■ **DATA BLOCK**:
###
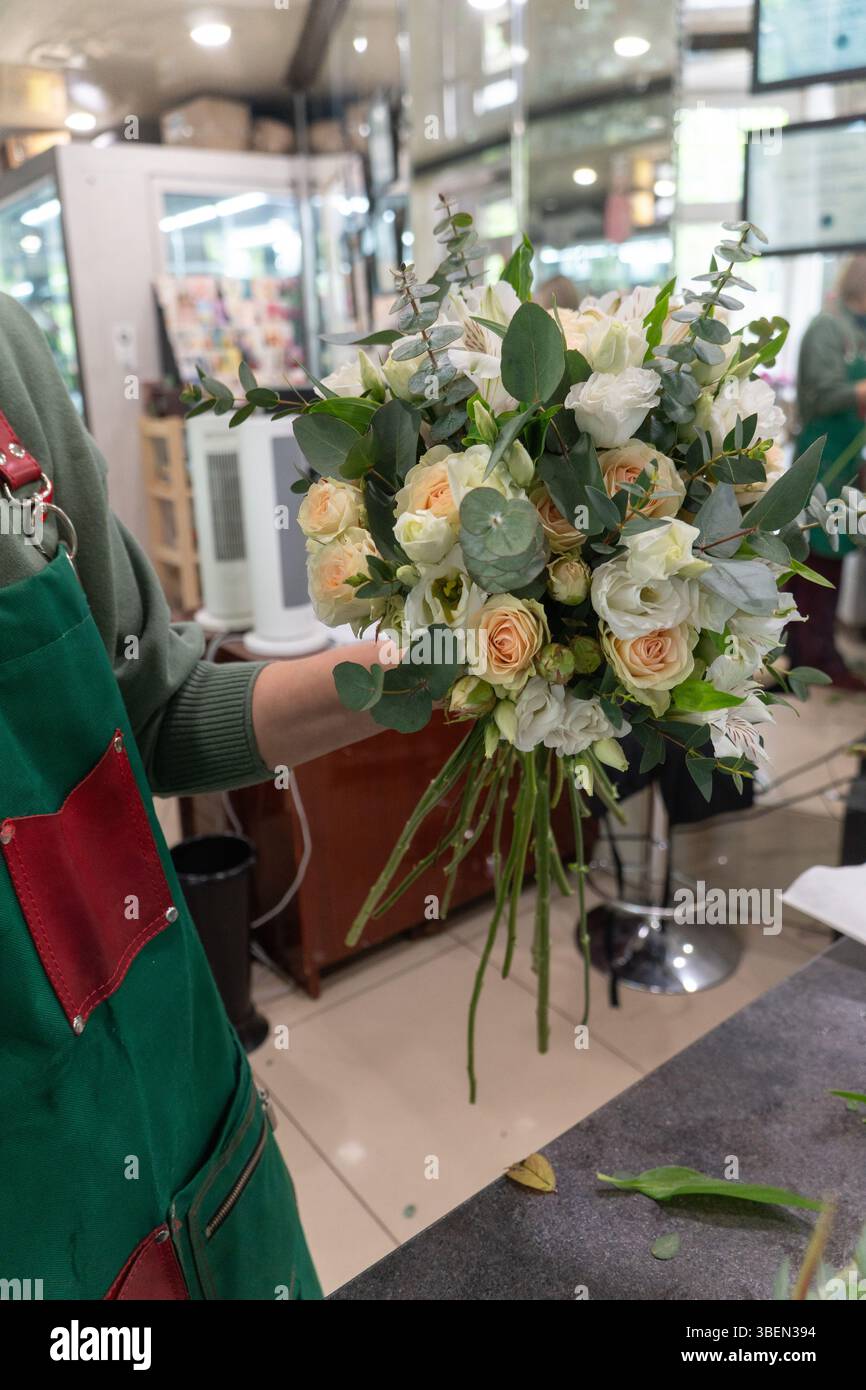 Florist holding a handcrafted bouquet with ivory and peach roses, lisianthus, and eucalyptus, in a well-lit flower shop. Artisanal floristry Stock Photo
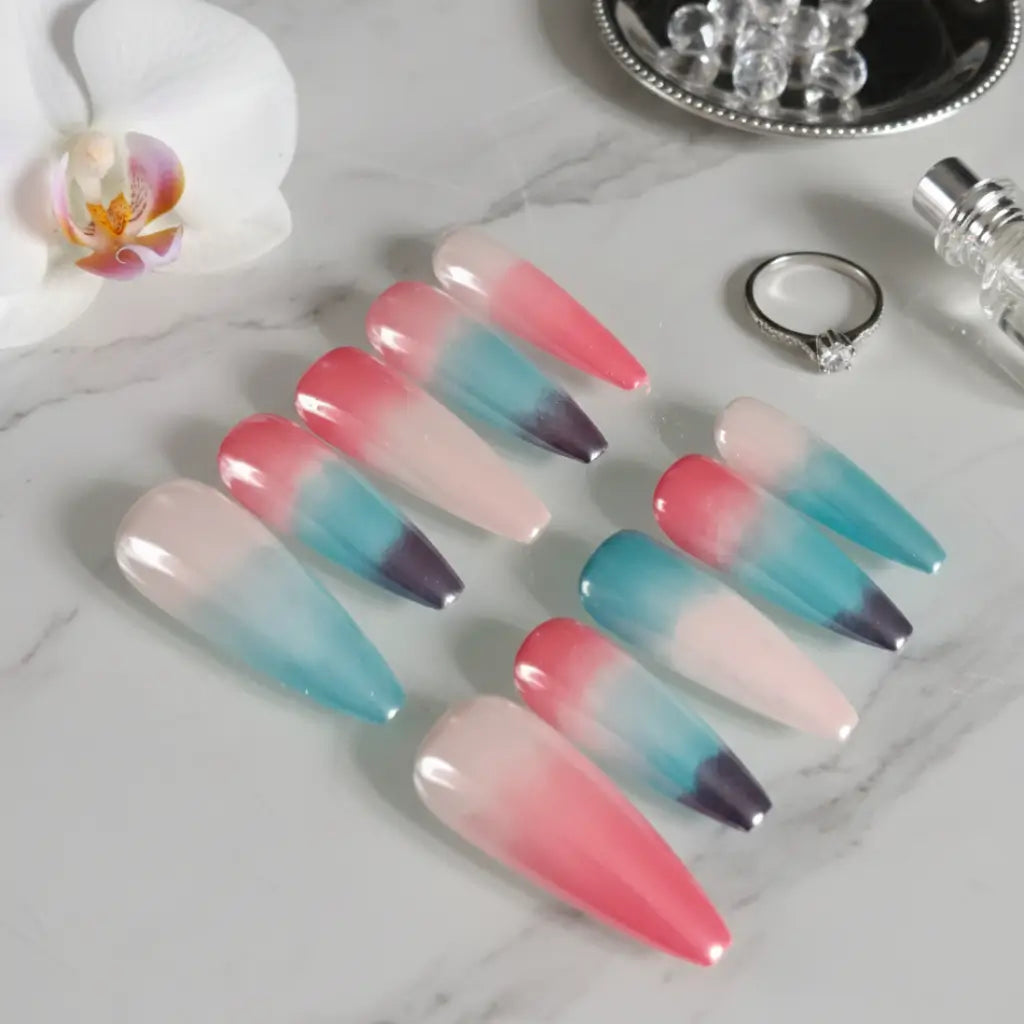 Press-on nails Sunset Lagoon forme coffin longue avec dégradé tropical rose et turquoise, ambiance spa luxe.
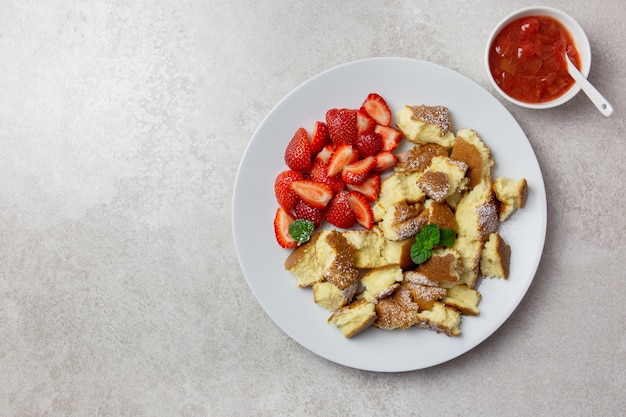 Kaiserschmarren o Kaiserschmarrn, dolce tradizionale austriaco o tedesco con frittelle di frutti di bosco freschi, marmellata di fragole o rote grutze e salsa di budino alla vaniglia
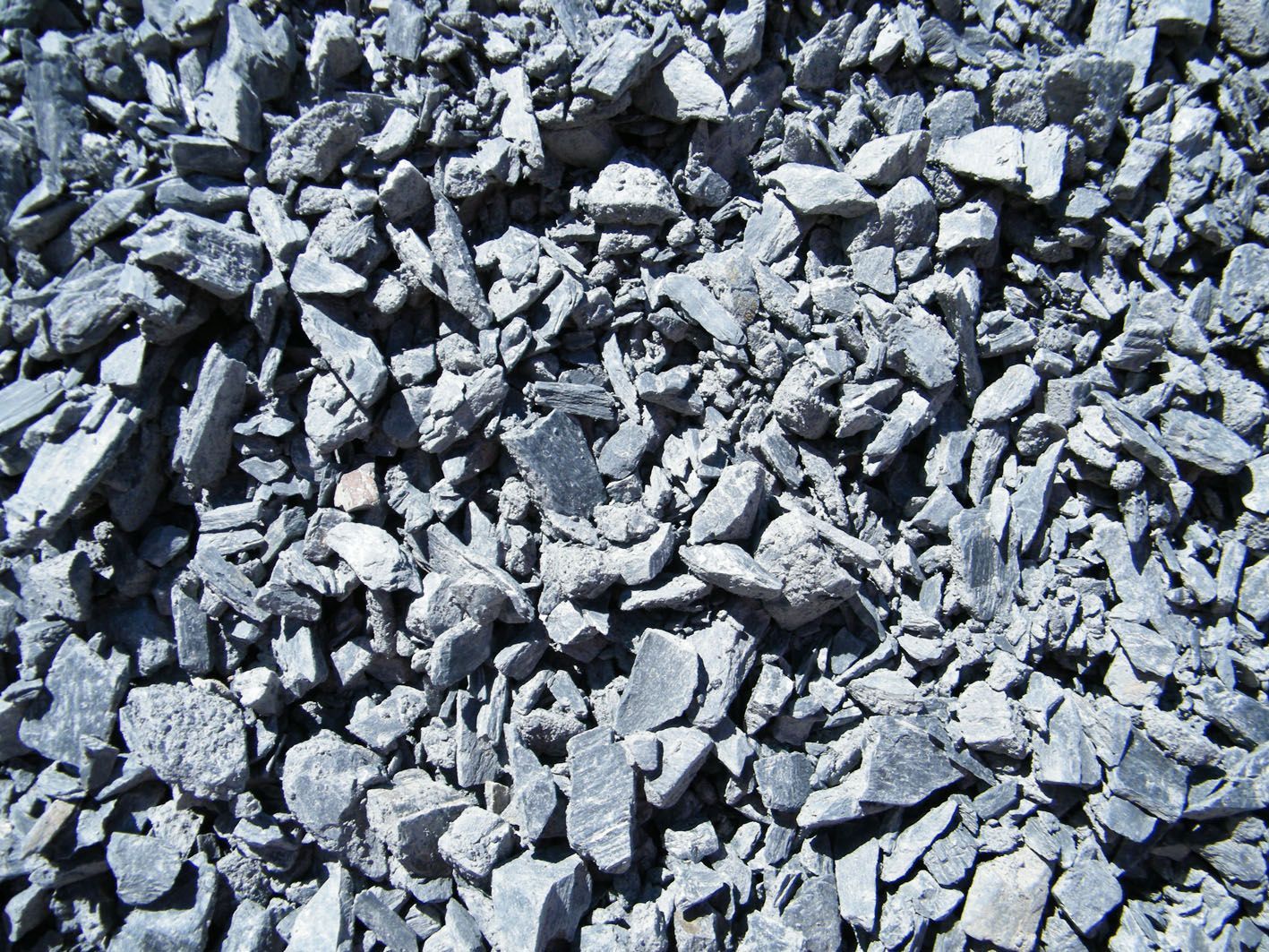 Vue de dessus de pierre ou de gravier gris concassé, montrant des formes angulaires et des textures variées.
###
■ **TASK OBJECTIVE**: Leaving out every picture, extract verbatim the lines from the one containing "Kaiserschmarren o Kaiserschmarrn, dolce" through the last line of the listing, inclusive.

■ **ANSWER AREA**:
 Kaiserschmarren o Kaiserschmarrn, dolce tradizionale austriaco o tedesco con frittelle di frutti di bosco freschi, marmellata di fragole o rote grutze e salsa di budino alla vaniglia
 Vue de dessus de pierre ou de gravier gris concassé, montrant des formes angulaires et des textures variées.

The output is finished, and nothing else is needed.